Подобно любому другому из четверки великих принцев, Раймонд считал себя непререкаемым предводителем крестового похода. Причем полагать так у него были все основания. Урбан хоть и не стал назначать главнокомандующего, но своему личному представителю Адемару Ле Пюи приказал ехать вместе с Раймондом. Это превратило Раймонда в Моисея, а Адемара – в Аарона, дополнив духовное могущество папы светской властью.
На самом деле армия Раймонда первой покинула Францию, но вместо того, чтобы отправиться морем, он совершил глупость и двинулся по суше вдоль северо-восточного побережья Адриатики. Достигнув территории нынешней Хорватии его войско обнаружило, что дороги там практически непроходимы, а местное население настроено враждебно. Чем дальше они углублялись в Балканы, тем больше замедлялось их продвижение. Если раньше для преодоления тамошних расстояний требовалось несколько недель, то теперь этот срок растянулся не на один месяц, а поскольку армия сражалась, ей все чаще устраивали засады. Как-то раз на арьергард Раймонда было совершено нападение, отбить которое он смог, лишь воздвигнув стену из изуродованных пленных.

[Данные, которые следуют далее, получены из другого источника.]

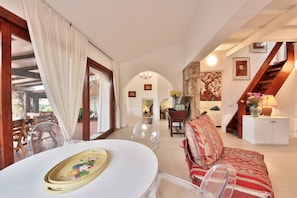 Interior - COTTAGE DOLCEVITA by KlabHouse -4BR w/Panoramic Hot Tube- shared pool  (Punta Sardegna)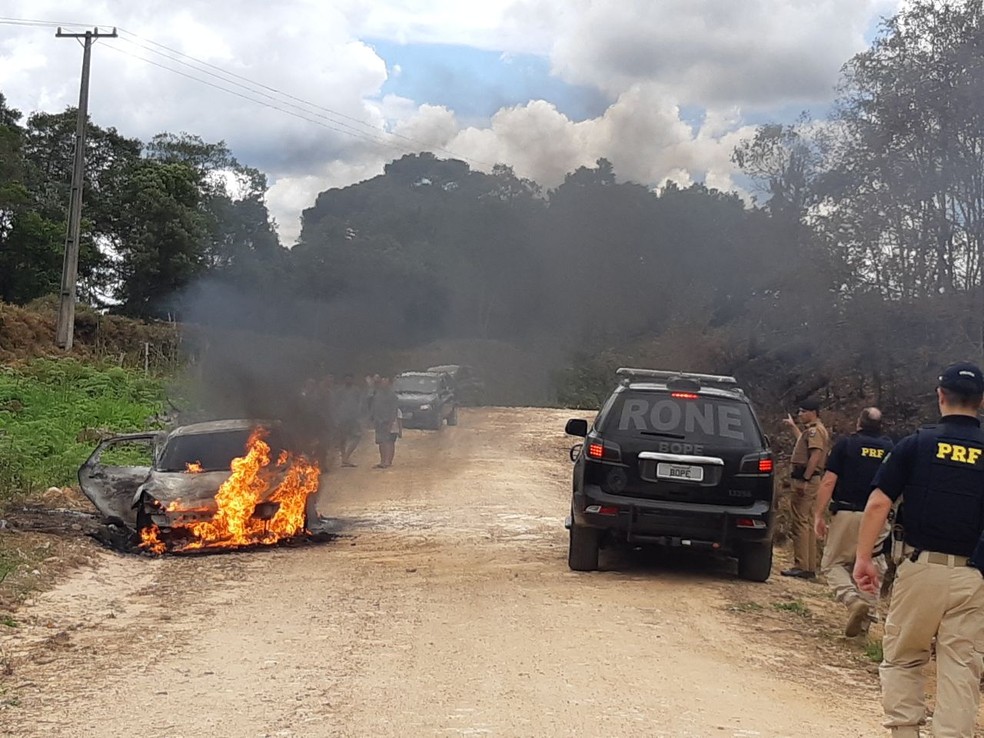 Carro usado no assalto ao ônibus na BR-376 foi encontrado em chamas em uma estrada rural, em Tijucas do Sul. — Foto: Divulgação/PRF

Когда они, наконец, вошли на территорию империи, к армии приставили эскорт и открыли доступ к местным рынкам для приобретения съестных припасов. Однако местным жителям уже нечего было продавать, к тому же они, как ни крути, уже вконец устали от крестоносцев. Дисциплина в войске была на уровне – Раймонд не потерял в бою или от голода ни одного солдата, но недовольство стало нарастать. Крестоносцы негодовали, что к ним приставили конвой, следящий за каждым их движением. От основного войска откололось и бросилось грабить деревни несколько отрядов. Когда византийцы попытались это пресечь, произошла стычка, в ходе которой погибли двое мелких французских дворян.
Имперская стража теперь постоянно была начеку, правда, в такой напряженной обстановке ничего не стоило совершить ошибку. Несколько дней спустя имперский конвой напал на Адемара Ле Пюи, поначалу не узнав его, и тот получил ранение. Для возмущенной армии этот случай подтвердил византийское коварство, о котором крестоносцы давно подозревали. А когда вскоре то же самое произошло и с самим Раймондом, подозрения укрепились еще больше.
Адемар, похоже, не затаивший обиду после случившегося зла, призывал к сдержанности, но ему пришлось отстать от армии, чтобы поправить здоровье. Того же мнения придерживался и Раймонд, которому несколько дней спустя пришло теплое послание из Константинополя с приглашением лично явиться во дворец для встречи с императором. Приказав армии встать лагерем в нескольких милях от столицы, он с небольшим почетным эскортом вошел в город.
После отъезда двух предводителей армия лишилась всех сдерживающих факторов – несложно догадаться, что ситуация вскоре вышла из-под контроля. Крестоносцы тут же бросились совершать набеги на деревни, силой отнимая у местных съестные припасы, которые византийцы, по их убеждению, отказывались продавать. К этому времени под ружье поставили армию самого императора, и та атаковала войско Раймонда. Не знавших дисциплины крестоносцев вскоре разбили и рассеяли, большая часть их оружия и обозов оказались в имперских руках.